• **EXERCISE DESCRIPTION**: Each line from the one that holds "HERNO Unlined Eco-Friendly" to the end of the records is to be retyped exactly. Pictures are not part of the copy.

══════════

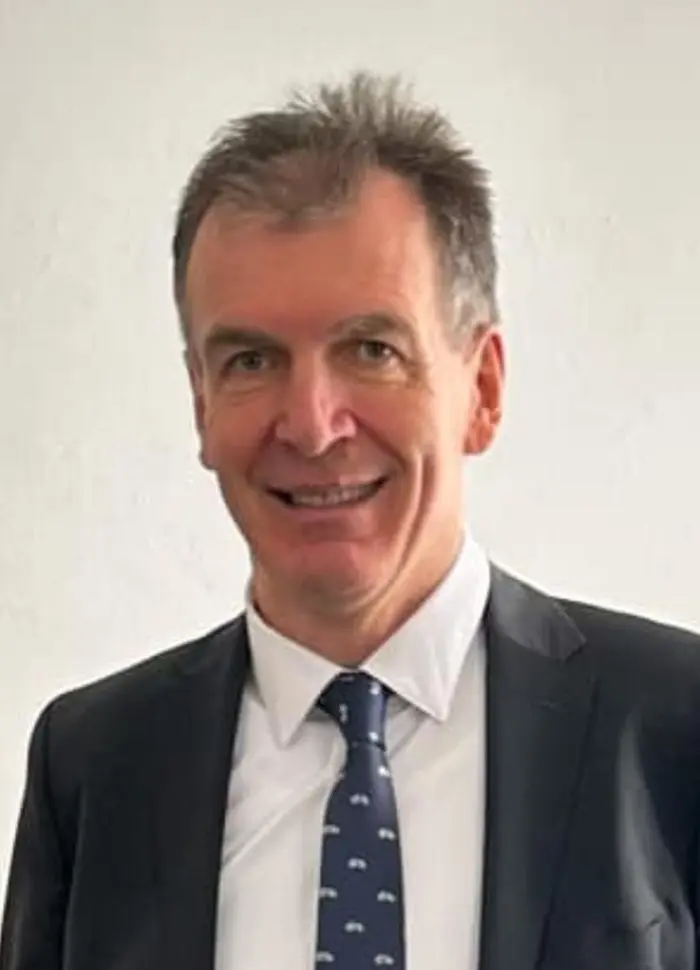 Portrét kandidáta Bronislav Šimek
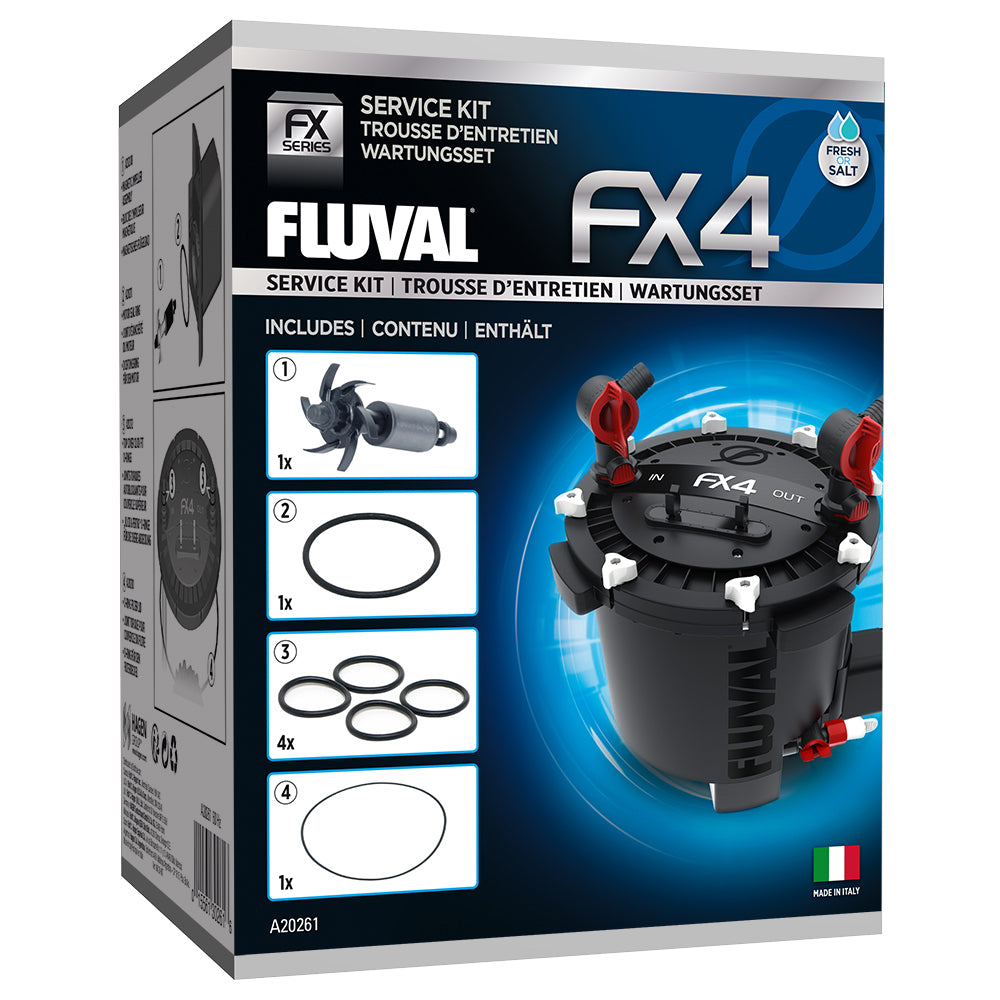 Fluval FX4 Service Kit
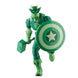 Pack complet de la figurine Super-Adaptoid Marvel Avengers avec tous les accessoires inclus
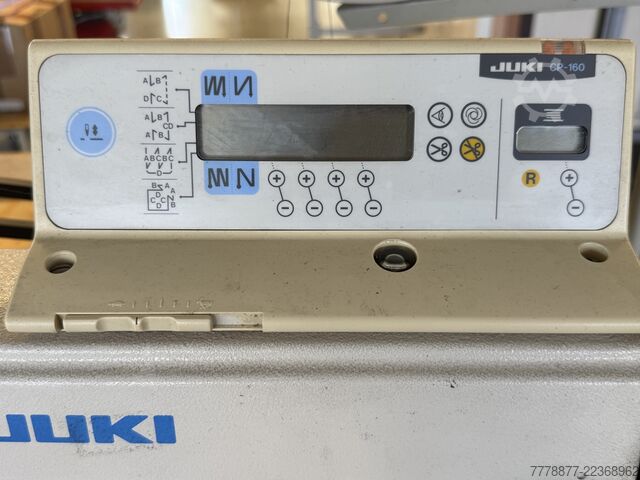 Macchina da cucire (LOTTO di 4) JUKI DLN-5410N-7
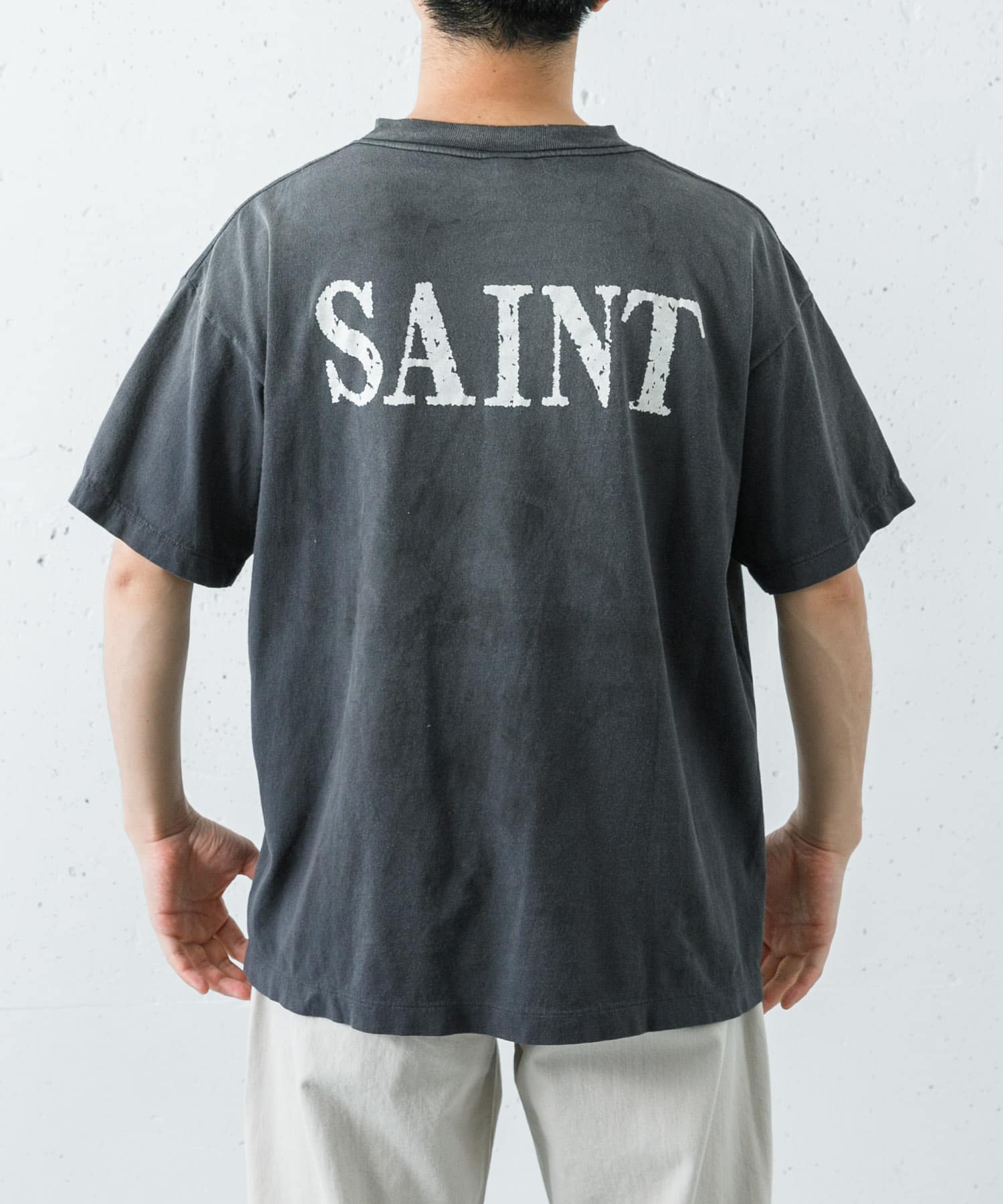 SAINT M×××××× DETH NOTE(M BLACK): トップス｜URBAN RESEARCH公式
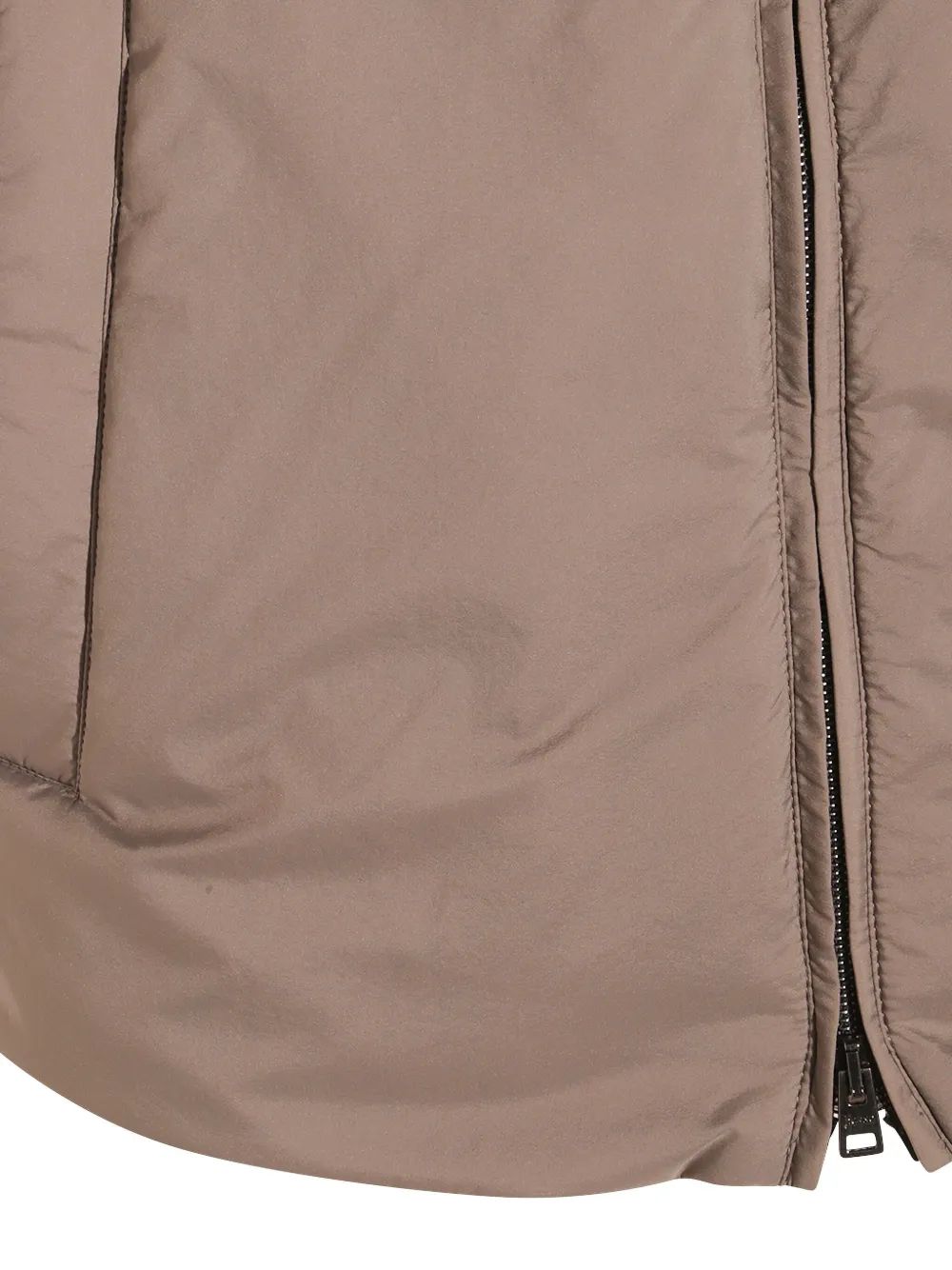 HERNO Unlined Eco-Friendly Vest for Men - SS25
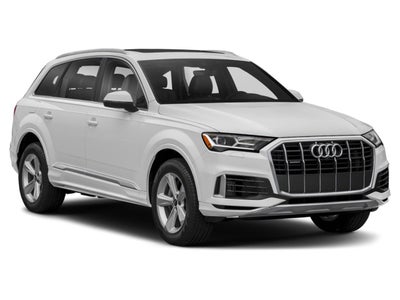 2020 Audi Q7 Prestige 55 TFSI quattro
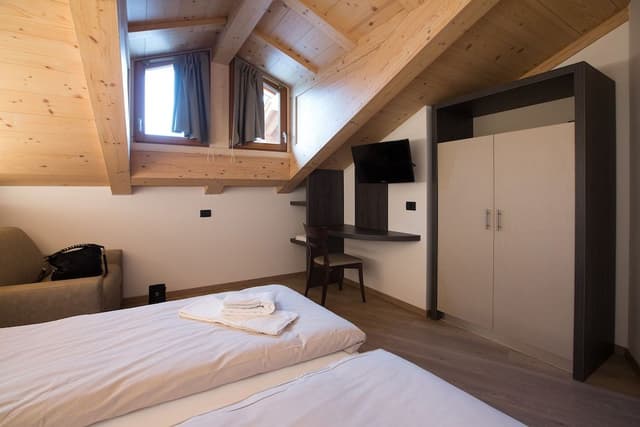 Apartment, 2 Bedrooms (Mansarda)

══════════

• **SOLUTION TO THIS EXERCISE**:
 HERNO Unlined Eco-Friendly Vest for Men - SS25
 2020 Audi Q7 Prestige 55 TFSI quattro
 Apartment, 2 Bedrooms (Mansarda)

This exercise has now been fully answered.